Zimmermann, T., Bilke, M., Soorholtz, M., & Schüth, F. (2018). Influence of Catalyst Concentration on Activity and Selectivity in Selective Methane Oxidation with Platinum Compounds in Sulfuric Acid and Oleum. ACS Catalysis, 8(10), 9262-9268. doi:10.1021/acscatal.8b01878.


Cite as: https://hdl.handle.net/21.11116/0000-0002-95F5-1
Abstract
Direct catalytic functionalization of methane, a “dream reaction”, is typically characterized by poorly active catalysts and low product selectivity. Selectivity is particularly high for the “Periana system”, in which methane is oxidized to methyl bisulfate in sulfuric acid/oleum using a η2-(2,2′-bipyrimidyl)dichloroplatinum(II) ((bpym)PtCl2, 1) catalyst. Recently it was shown that well-chosen reaction conditions result in not only high selectivity but also remarkably high activity, previously considered to be the prohibiting factor regarding commercialization.
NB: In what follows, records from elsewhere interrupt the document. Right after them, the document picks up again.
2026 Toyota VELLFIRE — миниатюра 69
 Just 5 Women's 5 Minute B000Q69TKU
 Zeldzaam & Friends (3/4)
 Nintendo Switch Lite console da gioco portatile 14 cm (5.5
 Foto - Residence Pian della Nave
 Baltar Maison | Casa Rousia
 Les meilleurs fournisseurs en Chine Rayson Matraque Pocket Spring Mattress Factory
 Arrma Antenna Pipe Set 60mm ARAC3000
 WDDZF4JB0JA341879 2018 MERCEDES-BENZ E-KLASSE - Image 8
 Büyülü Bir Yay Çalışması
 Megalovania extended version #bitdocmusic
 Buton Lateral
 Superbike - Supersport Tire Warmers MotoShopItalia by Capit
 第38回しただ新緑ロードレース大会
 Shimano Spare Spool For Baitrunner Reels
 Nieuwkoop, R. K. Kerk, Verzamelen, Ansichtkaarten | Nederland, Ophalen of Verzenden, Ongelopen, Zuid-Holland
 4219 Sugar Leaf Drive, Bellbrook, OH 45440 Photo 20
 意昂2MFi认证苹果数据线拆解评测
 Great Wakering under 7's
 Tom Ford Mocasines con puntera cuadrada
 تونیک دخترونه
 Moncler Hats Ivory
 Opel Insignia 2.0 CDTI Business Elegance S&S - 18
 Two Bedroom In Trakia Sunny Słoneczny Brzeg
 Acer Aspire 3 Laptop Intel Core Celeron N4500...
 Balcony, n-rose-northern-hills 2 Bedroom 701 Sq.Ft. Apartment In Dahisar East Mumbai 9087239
The high activity apparently contradicts the original report. Detailed studies of the dependence of activity and selectivity on the catalyst concentration resolve this contradiction and reveal solubility, transformation of catalyst precursors, speciation, and solubility of methane as crucial factors for the observed reaction rates. Additionally, the selectivity pattern clearly discloses the consecutive nature of the reaction network.